Ah, não sei, diz ela evasiva. Mas acho que o Roi não quer falar com você. 
Aí eu surto. 
Como assim ele não quer falar comigo??? O pânico vai crescendo. 

Desligo. Ligo pro marido. Caixa postal. Ligo pro Daniel. Caixa postal. Ligo pro marido. Não atende. mando um torpedo pro Daniel. O que está acontecendo? Por que o médico ligou pro Roi?

Ligo pro Roi. Ele atende esquisito. 
Não posso falar com você agora.
Como assim "não pode"?
Onde você está?
Na Fundação. O médico ligou pra você?
Não posso falar agora.
Responde só isso: o mé-di-co li-gou pra vo-cê??
...
Responde!
VOCÊ QUER SABER? VOCÊ QUER MESMO SABER? Quem me ligou foi o Daniel.
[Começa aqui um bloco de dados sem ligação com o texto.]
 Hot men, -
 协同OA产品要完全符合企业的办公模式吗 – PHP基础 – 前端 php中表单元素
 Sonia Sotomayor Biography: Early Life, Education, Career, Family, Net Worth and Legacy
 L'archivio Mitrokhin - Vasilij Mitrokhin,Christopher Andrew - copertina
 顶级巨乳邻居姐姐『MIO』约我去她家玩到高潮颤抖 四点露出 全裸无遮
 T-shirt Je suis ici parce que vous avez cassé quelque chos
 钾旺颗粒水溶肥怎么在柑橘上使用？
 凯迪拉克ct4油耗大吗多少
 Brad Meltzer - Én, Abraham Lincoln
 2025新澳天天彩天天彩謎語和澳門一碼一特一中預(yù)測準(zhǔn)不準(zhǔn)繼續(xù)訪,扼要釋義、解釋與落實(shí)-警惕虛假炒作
Ligou porque não teve coragem de ligar pra você. Ligou pra mim porque não sabia como te dizer que você está com um tumor no rim, tumor. E tem também umas coisas estranhas no fígado. É isso, tá?! É isso!

Desligo.

Estou só, sentada no degrau de granilite gelado entre o 14º e o 15º andar.
Choro.
Ligo pra minha irmã. 
Fodeu.
Que foi.
Um tumor no rim.
Calma, irma. Vai dar tudo certo. Eu estou com você. Eu te dou meu rim, se precisar.
Choramos as duas.

Vou pra minha sala. Passo pela Celina, minha secretária, que imediatamente percebe que há algo muito errado.  Ela tenta me acalmar e chora comigo. Vou embora agora, digo. Ela se oferece pra me acompanhar. Querida.

O celular não pára de tocar. É o marido, aos berros, desesperado. Não posso com berros àquela altura. Não atendo. Mas ele não desiste. Quer me explicar que não era assim que ia me dar a notícia, que estava indo encontrar comigo, falar pessoalmente, mas eu o pressionei e então ele falou, mas não queria ter falado daquele jeito. Ok, estou indo pra casa, digo em voz baixa. Estou indo pra lá, então, ele diz.

Ligo pra minha mãe, peço pra que ela e meu pai me encontrem em casa.
Vou embora, procurando o chão que sumiu sob meus pés.
(Continua)




2 comentários:

  1. Nossa que ten-so! Fico me imaginando na posição do maridón. Muito barra.

    Fico impressionado como vc consegue se lembrar de tantos detalhes, dos diálogos. Memória de elefante mesmo.

    Agora vou lá comer o que sobrou do ovo de páscoa para desestressar antes de ler o próximo capítulo do seu Madruga, digo, do seu Iron.